Critique : Ronin

Thomas Douineau | 28 octobre 2004
Thomas Douineau | 28 octobre 2004

Avec Ronin, John Frankenheimer revenait filmer en France, lui qui connaît notre pays comme personne. Et cela se voit à l'écran. On est loin des clichés habituels tels qu'on peut les voir dans les films américains, où les Français sont toujours représentés de manière extrêmement caricaturale.

Un film du réalisateur se reconnaît facilement et Ronin ne déroge pas à la régle : mise en scène fluide, scènes d'action réalistes et crédibles, poursuites en voitures phénoménales filmées « pour de vrai » sans trucages, montage sec et efficace, casting irréprochable. Bref, tout ce qu'il y a de plus prometteur et qui, sur le papier, a fait que John Frankenheimer a immédiatement signé.

Alors pourquoi, finalement, est-on si dubitatif devant l'écran, au fur et à mesure que défilent les images ? Tout simplement parce qu'il manque l'essentiel : un scénario. On peine à s'attacher à cette équipe digne de Mission impossible qui cherche à mettre la main à tout prix sur une malette dont on ne connaîtra jamais le contenu (une bombe bactériologique ? le plus gros diamant du monde ? le résultat des prochaines élections américaines ?). Pour que les « non-infos » dissimulées pendant tout le film puissent être un parti pris intéressant, il aurait fallu que les personnages soient suffisamment hauts en couleur pour accrocher le spectateur. Hélas, il n'en est rien. Ils ne possèdent aucune épaisseur, aucun passé et, serait-on tenté de dire… aucun avenir. Dès lors, quel est l'intérêt pour le spectateur s'il n'a rien auquel se raccrocher ? La présence fantomatique (pour ne pas dire transparente) de Natascha McElhone, ou le « méchant » Jonathan Pryce (qui a dit qu'un bon film d'action, c'est d'abord un bon méchant ?) n'apportent ni de féminité dans ce monde de brutes pour l'une, ni de tension palpable pour l'autre. La déception est d'autant plus grande que l'on se souvient qu'à l'époque, au moment où le projet se montait, on attendait un thriller noir teinté de romantisme et d'action (rappelons tout de même que sous le pseudo du scénariste Richard Weisz se cache… David Mamet !)

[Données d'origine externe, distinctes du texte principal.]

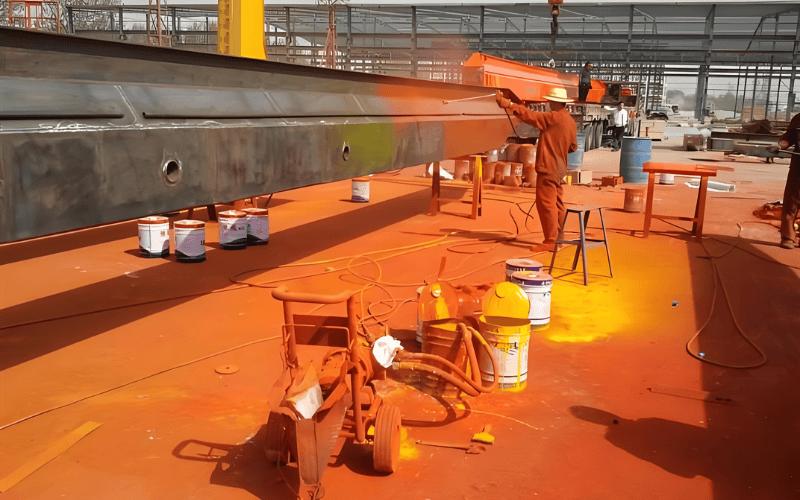 Beneficios de utilizar pinturas de alta calidad en proyectos industriales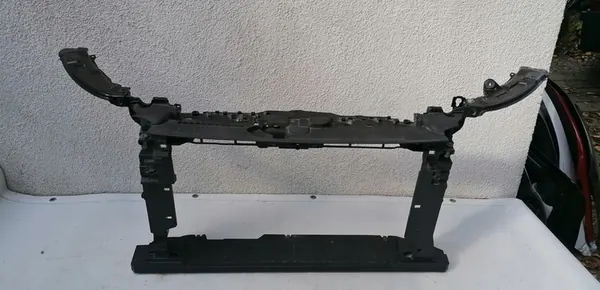 AUDI A1 II Frontstoßstangenverstärkung 82A805588 image 2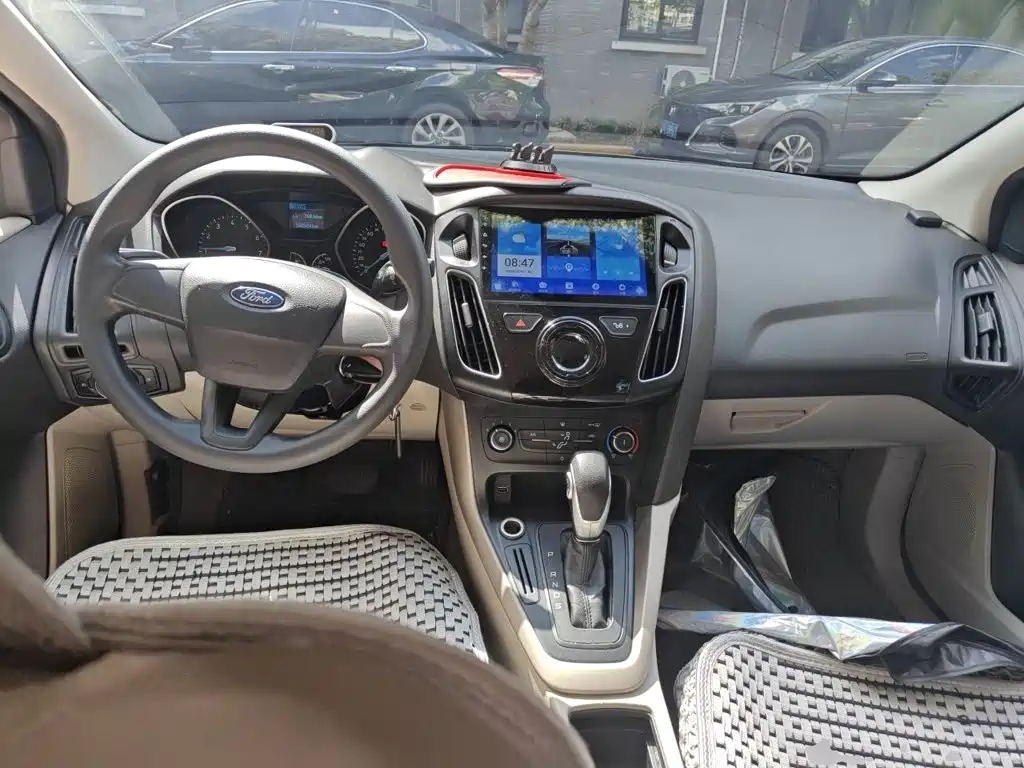 Ford Focus — миниатюра 10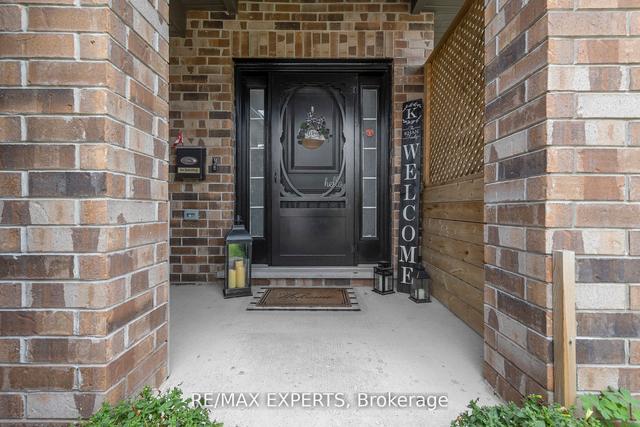 690 Frontenac Cres, House detached with 3 bedrooms, 4 bathrooms and 4 parking in Woodstock ON | Image 32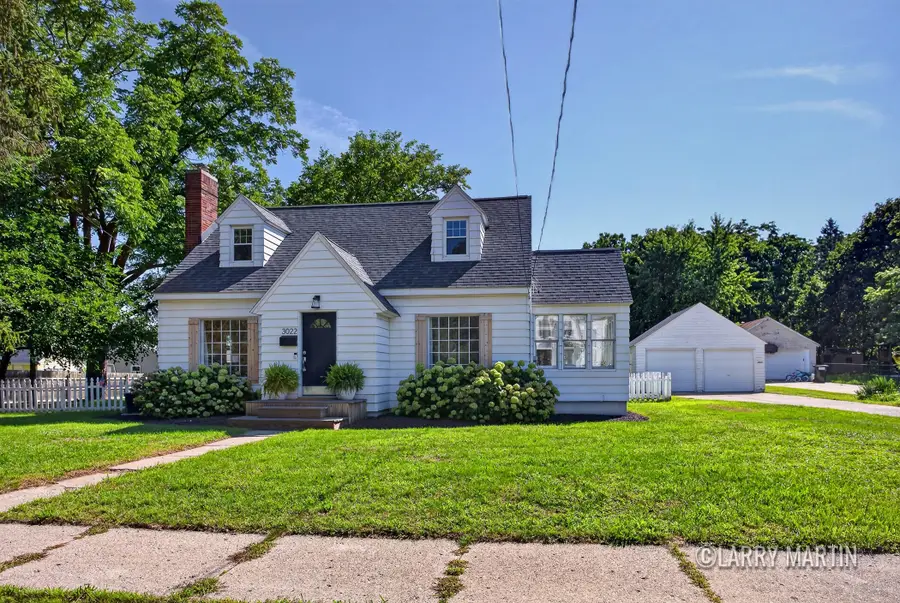 3022 Locke Avenue Sw, Grandville, MI 49418 - #2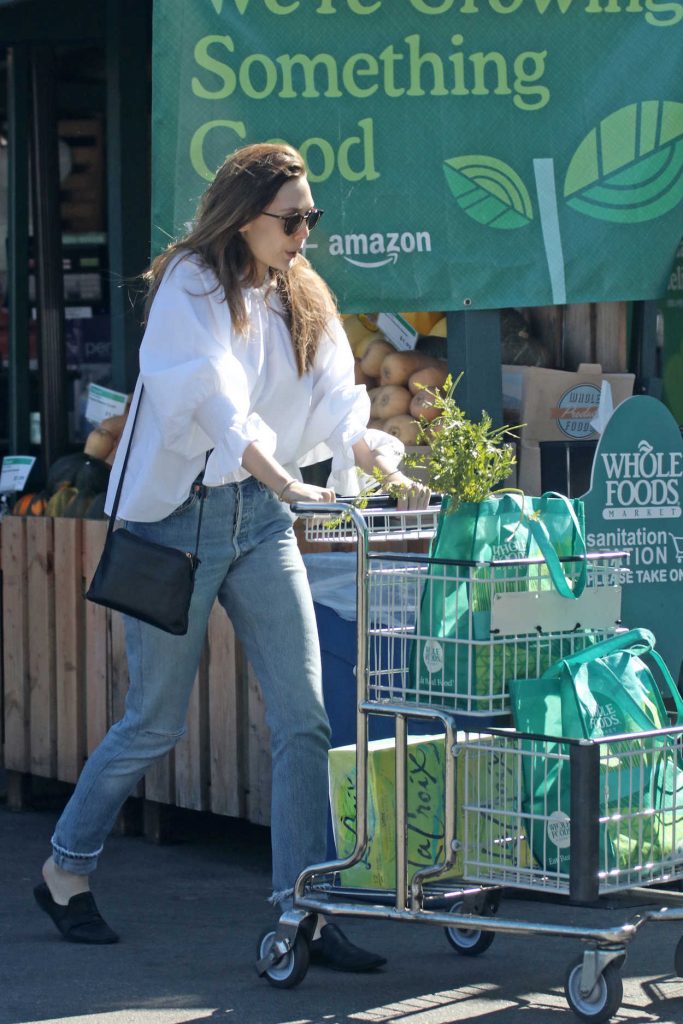 Elizabeth Olsen Picks up Groceries from Whole Foods in LA 03/27/2018-1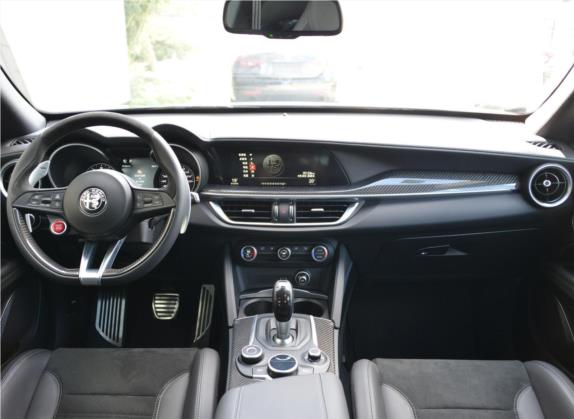Stelvio斯坦维 2019款 2.9T 510HP 四叶草版 中控类   中控全图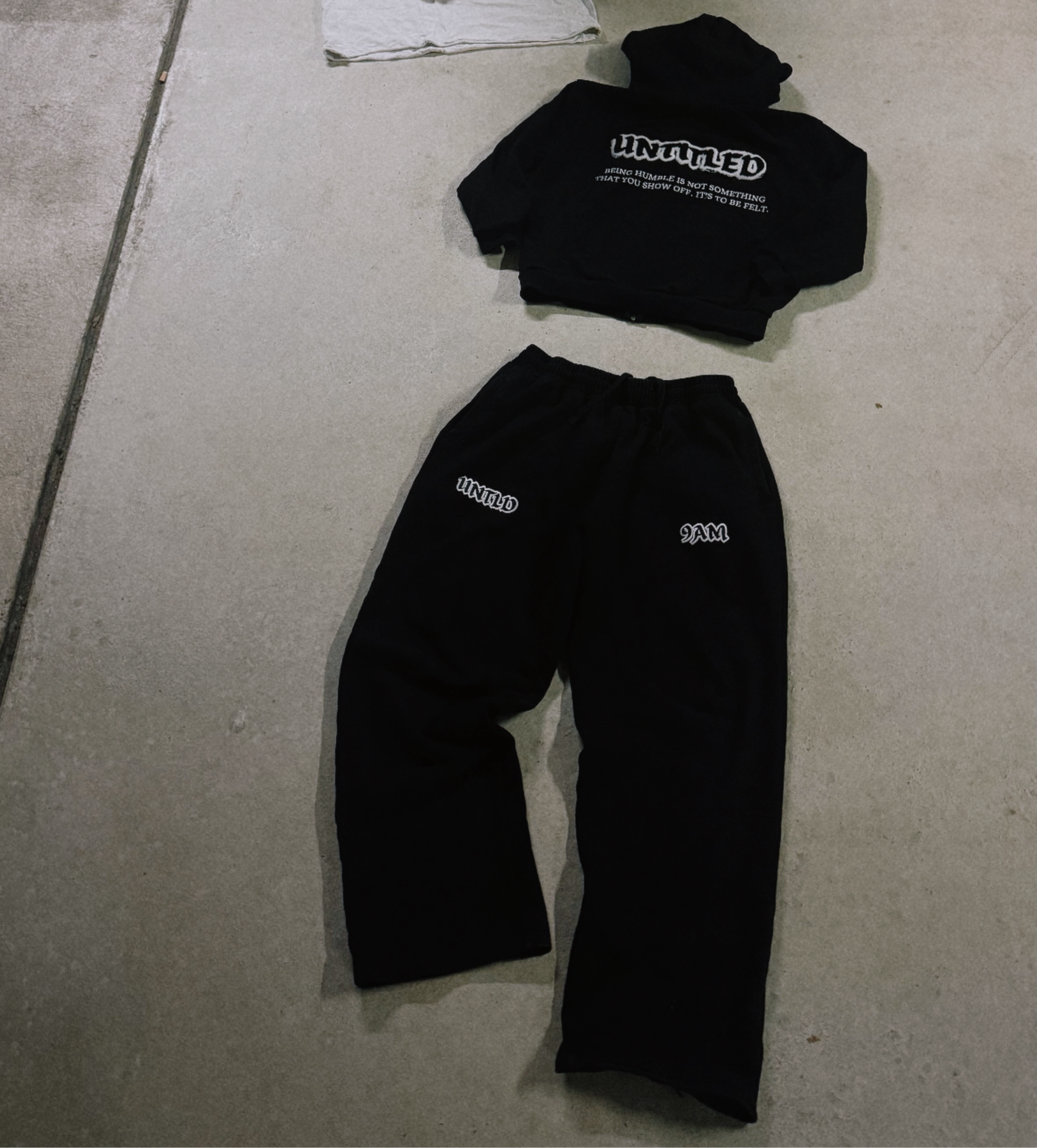 NAMELESS SWEAT SUIT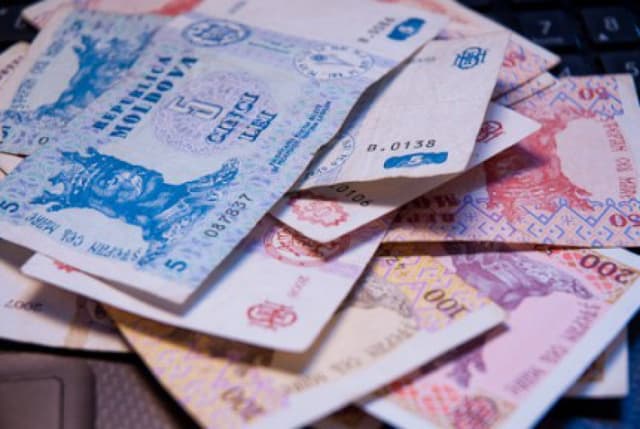 Cредняя номинальная зарплата в Молдове выросла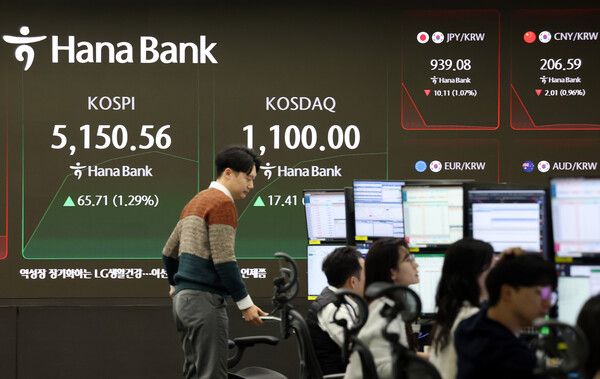 28일 서울 중구 하나은행 딜링룸 모습. [연합뉴스]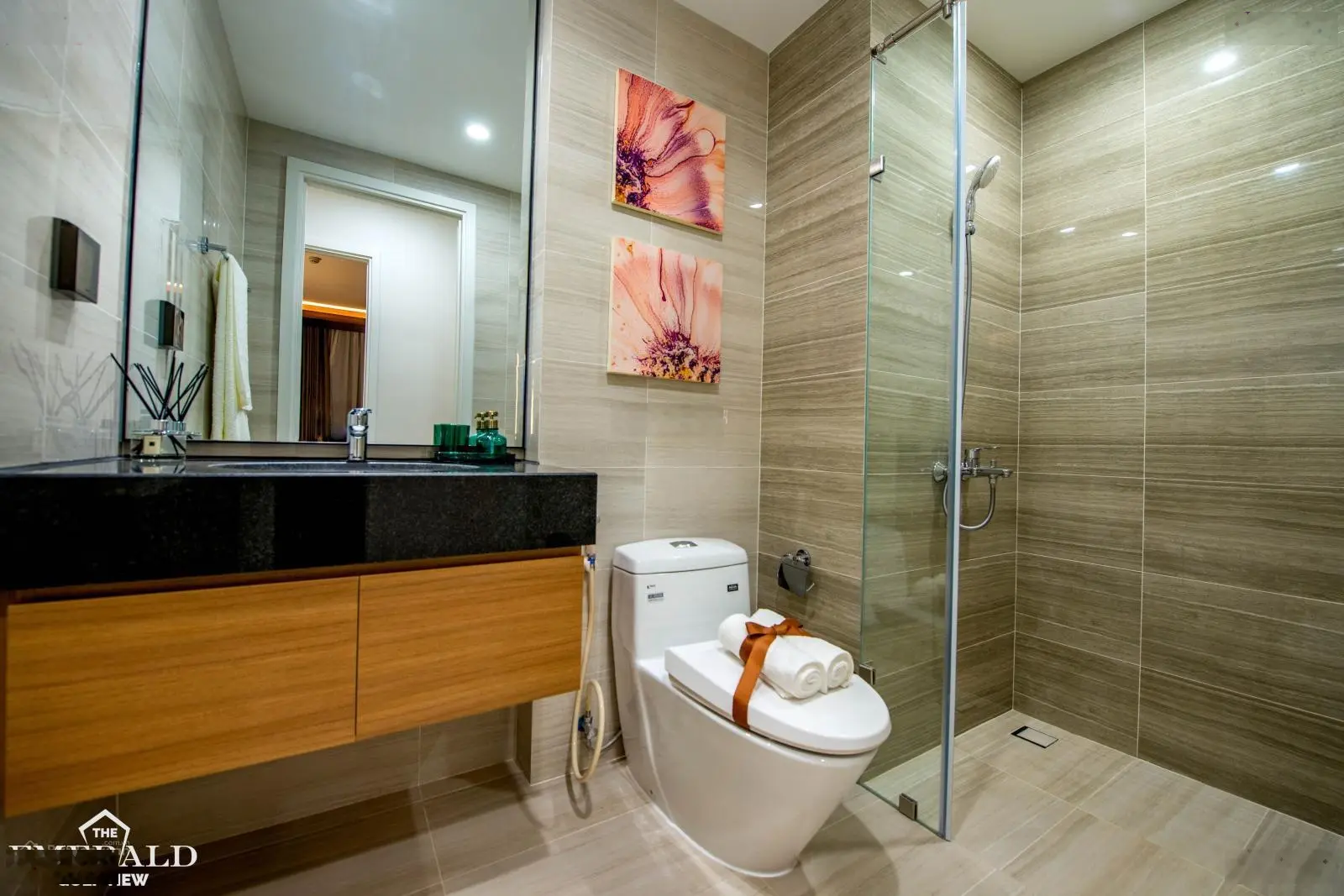 Căn hộ hạng sang có sổ trả trước 10% nhận nhà. Tặng ngay 168tr làm nội thất. Tặng 2 năm phí quản lý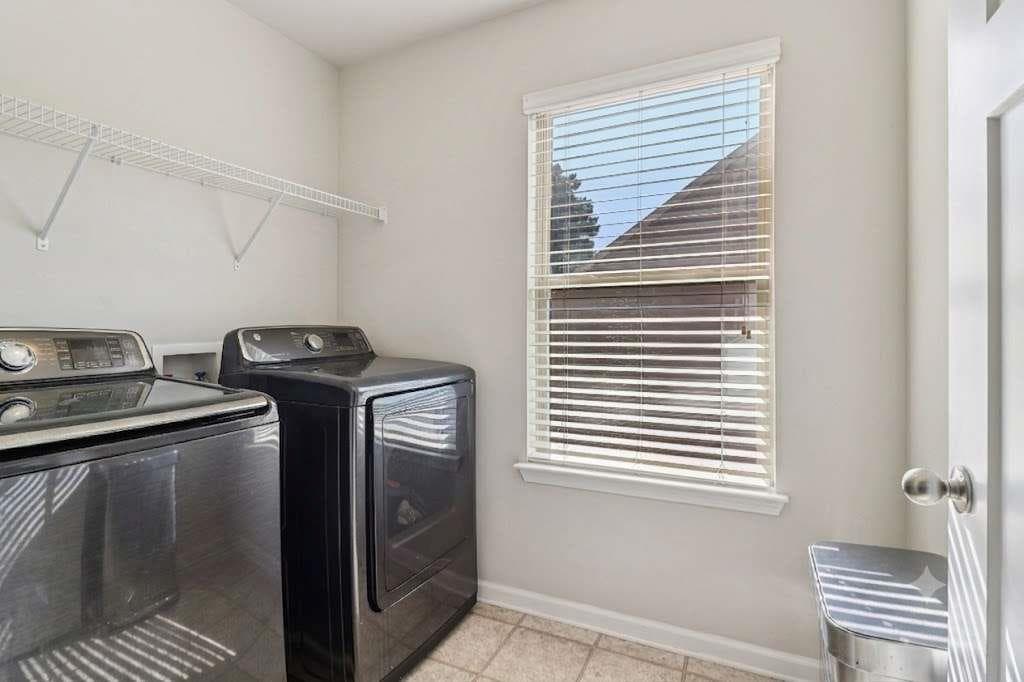5 bedroom, 3 bathroom, 2,988 sq ft single family residence for sale at 3320 Mulberry Cove Way, Auburn, GA 30011 — photo 9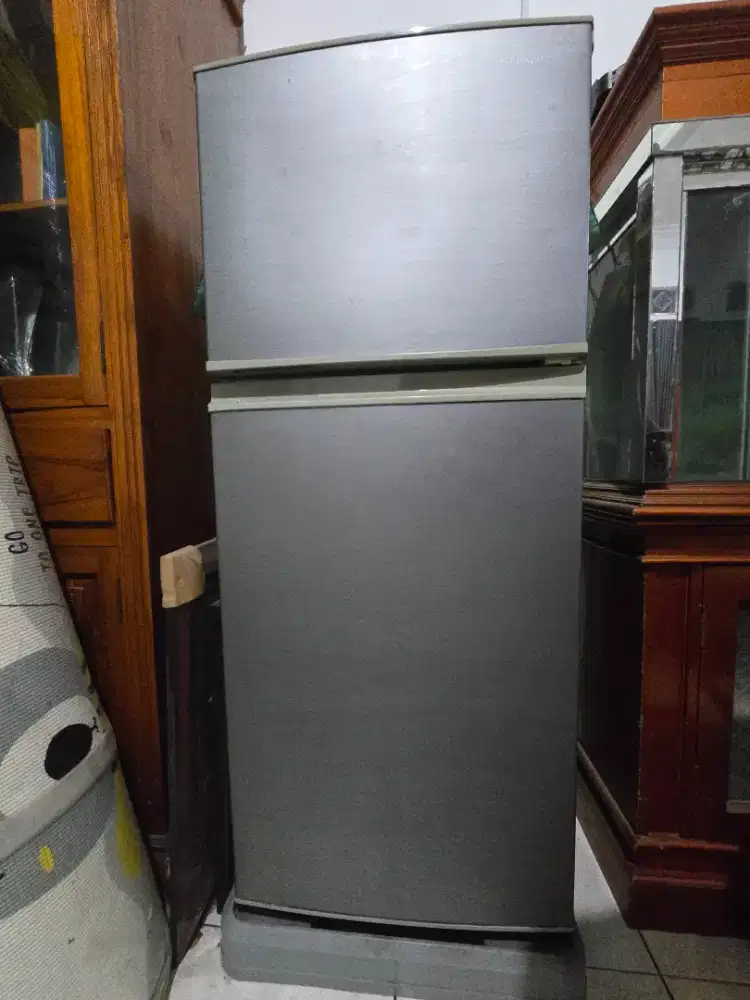 Kulkas sharp ukuran kecil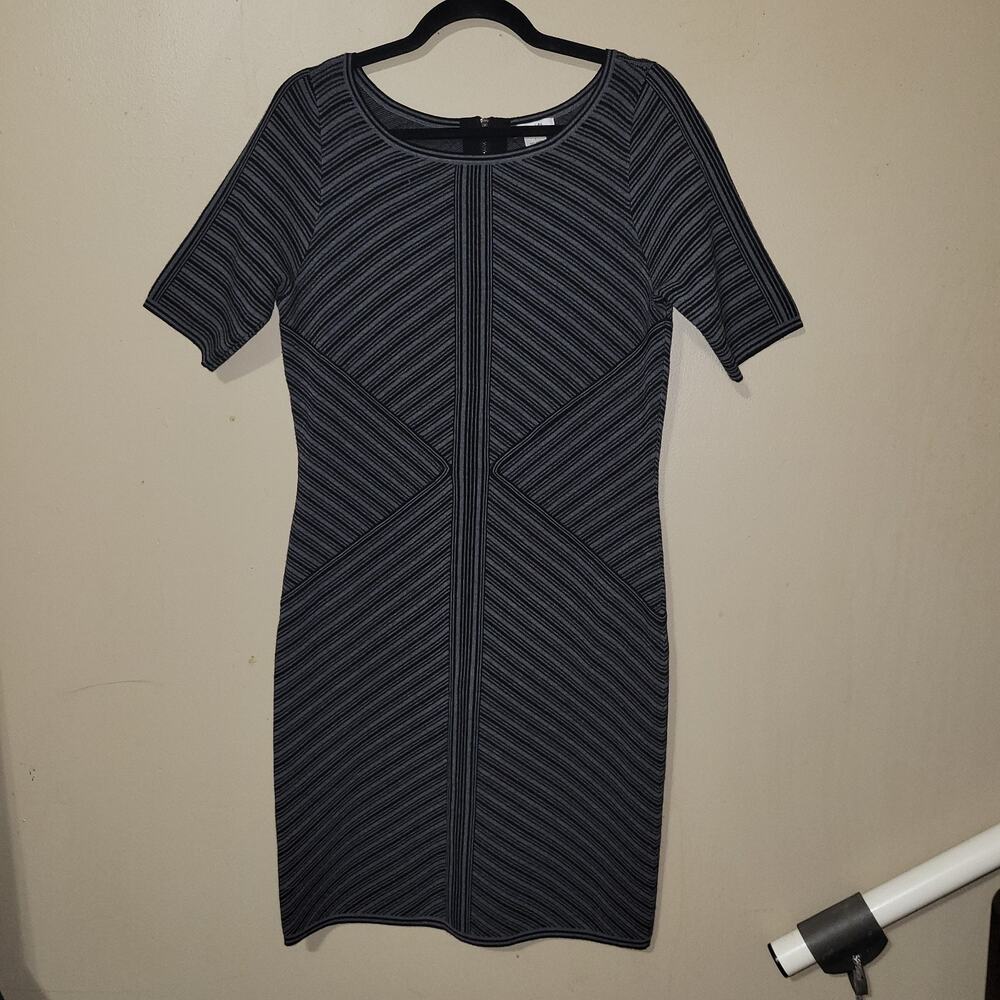 Cache Body-con Sweater Dress Sz L Zip Back Black And‎ Grey Stripe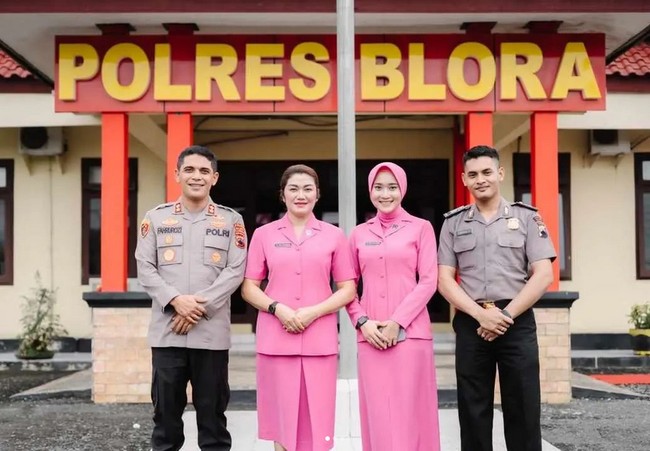 Kehadiran Yeni tidak untuk tampil di panggung, tapi mengikuti upacara kenaikan pangkat suaminya yaitu Briptu Krisna. Upacara kenaikan pangkat dipimpin oleh Kapolres Blora AKBP Fahrurozi,SIK,MM,MH. Foto: Dok. Instagram @polresblora.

Les plus indulgents se repasseront donc en boucle la poursuite en voitures finale dans les rues de Paris, véritable morceau de bravoure cinématographique peu habitul de par chez nous (qui dit encore que le taxi Peugeot peut aller se rhabiller ?), pour peu que les habitants de la capitale et autres DVDphiles ne soient pas trop regardants quant à la topologie des lieux.